⟨

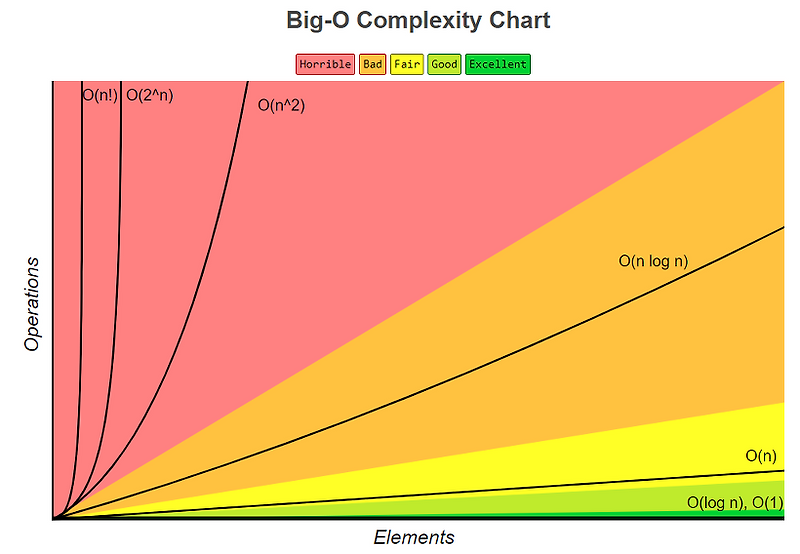 Big-O Algorithm Complexity Cheat Sheet 빅오 알고리즘 시트에 주석달기 :: Jasmin Time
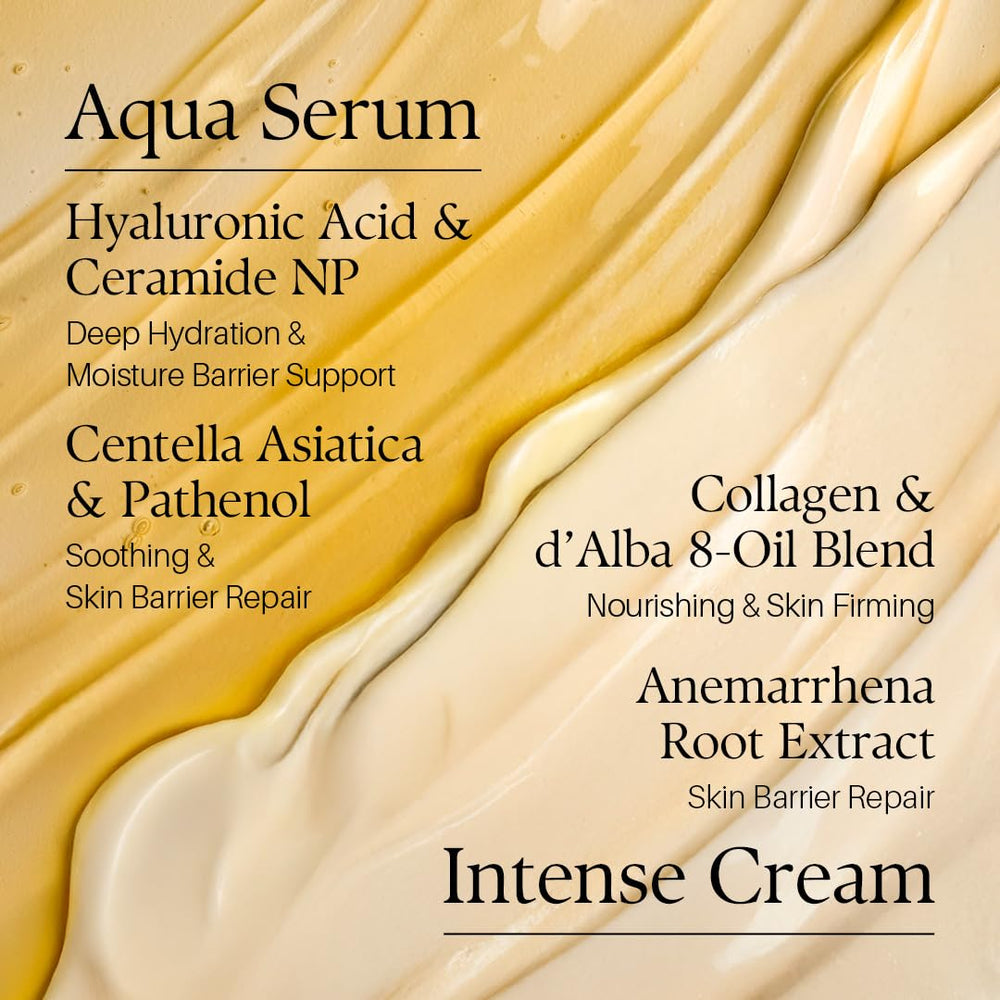 d'alba Piedmont Appliquer Crème Intense autour des yeux – cible ridules discrètement.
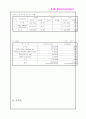 SM (에스엠) 엔터테인먼트 기업 분석 10페이지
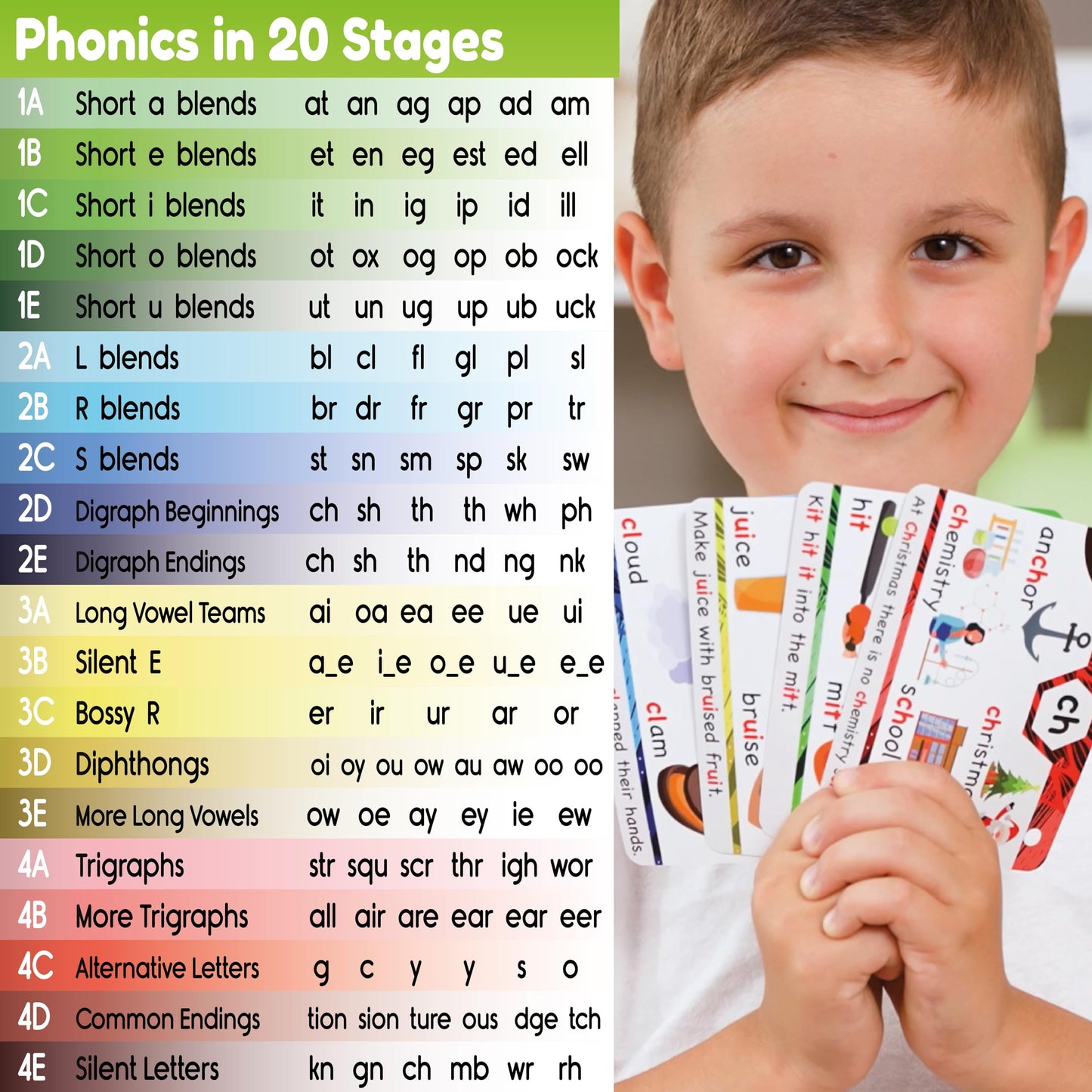 THE BAMBINO TREE Phonics Flash Cards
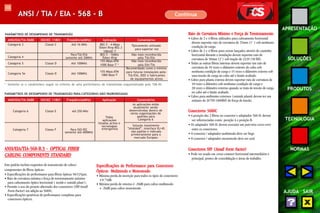 110 
APRESENTAÇÃO 
SOLUÇÕES 
PRODUTOS 
TECNOLOGIA 
NORMAS 
AJUDA SAIR 
ANSI / TIA / EIA - 568 - B Continua 
PARÂMETROS DE DESEMPENHO DE TRANSMISSÃO 
ANSI/EIA/TIA-568B ISO/IEC 11801 Freqüência(MHz) Aplicação Comentários 
Categoria 3 Classe C Até 16 MHz 802.5 - 4 Mbps Tipicamente utilizado 
Token Ring 802.3 para suportar voz 
10BASE-T 
Categoria 4 - Para TIA/EIA 802.5 - 16Mbs Não mais reconhecida 
somente até 20MHz Token Ring pela TIA/EIA 
Categoria 5 Classe D Até 100MHz 
155 Mbps ATM Não mais reconhecida 
1000 Base-T * pela EIA/TIA 
Categoria 5e Classe D Até 100MHz 
155 Mbps ATM 
Recomendado como o mínimo 
1000 Base-T 
para futuras instalações pela: 
TIA/EIA, IEEE e fabricantes 
de equipamentos ativos 
* Somente se o canal/enlace seguir os critérios de uma performance de transmissão esquematizado pelo TSB-95 
PARÂMETROS DE DESEMPENHO DE TRANSMISSÃO PARA CATEGORIAS NÃO PADRONIZADAS 
ANSI/EIA/TIA-568B ISO/IEC 11801 Freqüência(MHz) Aplicação Comentários 
Categoria 6 Classe E 
Categoria 7 Classe F Para ISO/IEC 
somente até 600MHz 
As aplicações estão 
atualmente sendo 
desenvolvidas dentro de 
várias organizações de 
padrões para 
Categoria 6 
Todas 
aplicações 
listadas acima e 
tecnologias 
Até 250 MHz 
Solução totalmente 
“shielded”, interface RJ-45 
não padrão e indicada 
primeiramente para o 
mercado Europeu 
emergentes 
ANSI/EIA/TIA-568-B.3 - OPTICAL FIBER 
CABLING COMPONENTS STANDARD 
Este padrão incluiu requisitos de transmissão de cabos/ 
componentes de fibras ópticas: 
• Especificações de performance para fibras ópticas 50/125μm; 
• Raio de curvatura mínima e força de tensionamento máximo 
para cabeamento óptico horizontal ( inside e outside plant ); 
• Permite o uso do projeto alternado dos conectores (SFF-Small 
Form Factor) em adição ao 568SC; 
• Especificações genéricas de performance completas para 
conectores ópticos. 
Especificações de Performance para Conectores 
Ópticos Multimodo e Monomodo 
• Máxima perda de inserção para todos os tipos de conectores 
é 0.75dB. 
• Máxima perda de retorno é -20dB para cabos multimodo 
e -26dB para cabos monomodo. 
Raio de Curvatura Mínimo e Força de Tensionamento 
• Cabos de 2 e 4 fibras utilizados para cabeamento horizontal 
devem suportar raio de curvatura de 25mm (1" ) sob nenhuma 
condição de carga. 
• Cabos de 2 e 4 fibras para serem lançados através do caminho 
horizontal durante a instalação devem suportar raio de 
curvatura de 50mm (2") sob tração de 222N (50 lbf). 
• Todas as outras fibras internas devem suportar um raio de 
curvatura de 10 vezes o diâmetro externo do cabo sob 
nenhuma condição de carga e 15 vezes o diâmetro externo sob 
uma tensão de carga no cabo até o limite avaliado. 
• Cabos para planta externa devem suportar raio de curvatura de 
10 vezes o diâmetro sob nenhuma condição de carga e 
20 vezes o diâmetro externo quando se trata de tensão de carga 
no cabo até o limite avaliado. 
• Cabos para ambientes externos (outside plants) devem ter um 
mínimo de 2670N (600lbf) de força de tensão. 
Conectores 568SC 
• A posição das 2 fibras no conector e adaptador 568 SC devem 
ser referenciadas como posição A e posição B. 
• Os adaptador 568 SC devem executar um pair-wise cross-over 
entre os conectores. 
• O conector / adaptador multimodo deve ser bege. 
• O conector / adaptador monomodo deve ser azul. 
Conectores SFF (Small Form Factor) 
• Pode ser usado em cross-connect horizontal intermediário e 
principal, pontos de consolidação e áreas de trabalho.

⟩

### Your instructions
From the listing above, return the lines starting at the one with "Categoria 4 - Para" and ending at the one with "Recomendado como o mínimo", both kept, exactly as they appear and nothing more.

### Answer to this exercise
Categoria 4 - Para TIA/EIA 802.5 - 16Mbs Não mais reconhecida 
somente até 20MHz Token Ring pela TIA/EIA 
Categoria 5 Classe D Até 100MHz 
155 Mbps ATM Não mais reconhecida 
1000 Base-T * pela EIA/TIA 
Categoria 5e Classe D Até 100MHz 
155 Mbps ATM 
Recomendado como o mínimo 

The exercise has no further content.